ACTIVITY:
Pictures within the data are to be left out; everything else must be reproduced exactly.

SOURCE DATA:

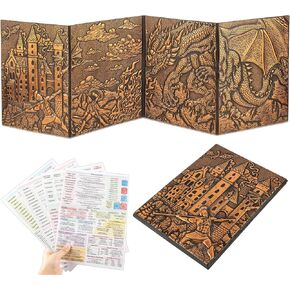 DND DM Screens 5e-Embossed Dungeons and Dragons Screen Foldable Design, Four-Panel with Pockets Dungeon Master Screen, Compatible with Rich Graphics for Dungeon Master Gifts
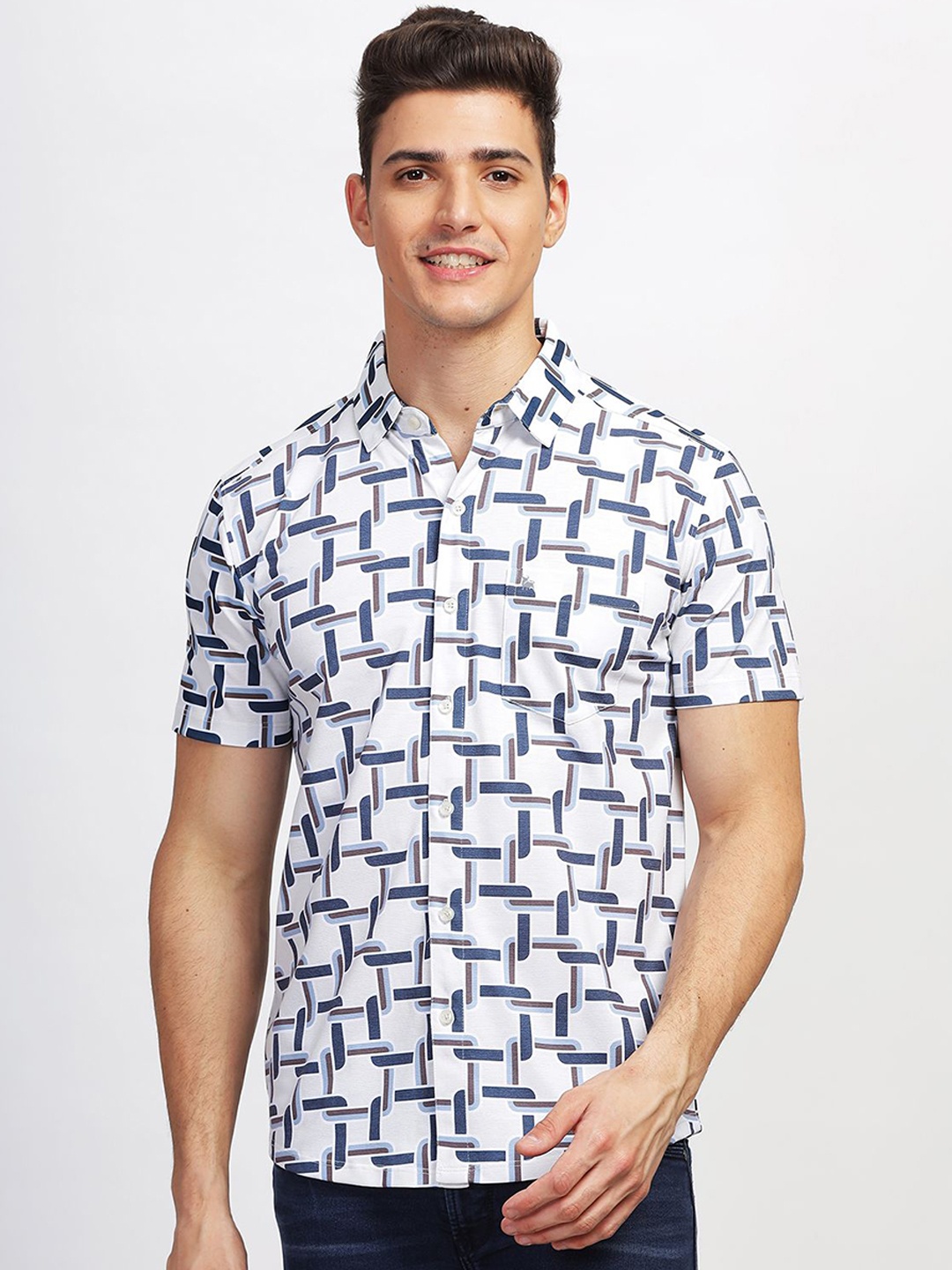 

BULLMER Geometric Printed Short Sleeves Shirt & Trouser, Blue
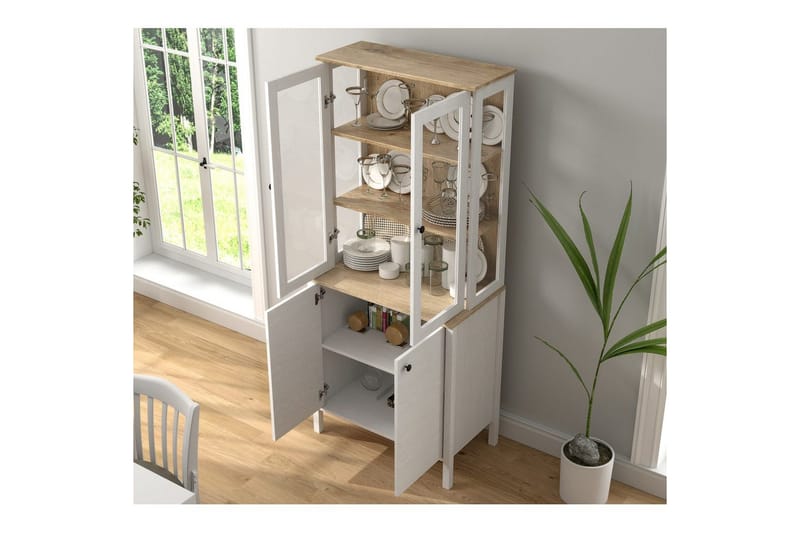 Elvan Bokhylle 83 cm - Natur/Hvit - Oppbevaring - Hylle - Bokhylle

ANSWER TO THE EXERCISE:
 DND DM Screens 5e-Embossed Dungeons and Dragons Screen Foldable Design, Four-Panel with Pockets Dungeon Master Screen, Compatible with Rich Graphics for Dungeon Master Gifts

BULLMER Geometric Printed Short Sleeves Shirt & Trouser, Blue
 Elvan Bokhylle 83 cm - Natur/Hvit - Oppbevaring - Hylle - Bokhylle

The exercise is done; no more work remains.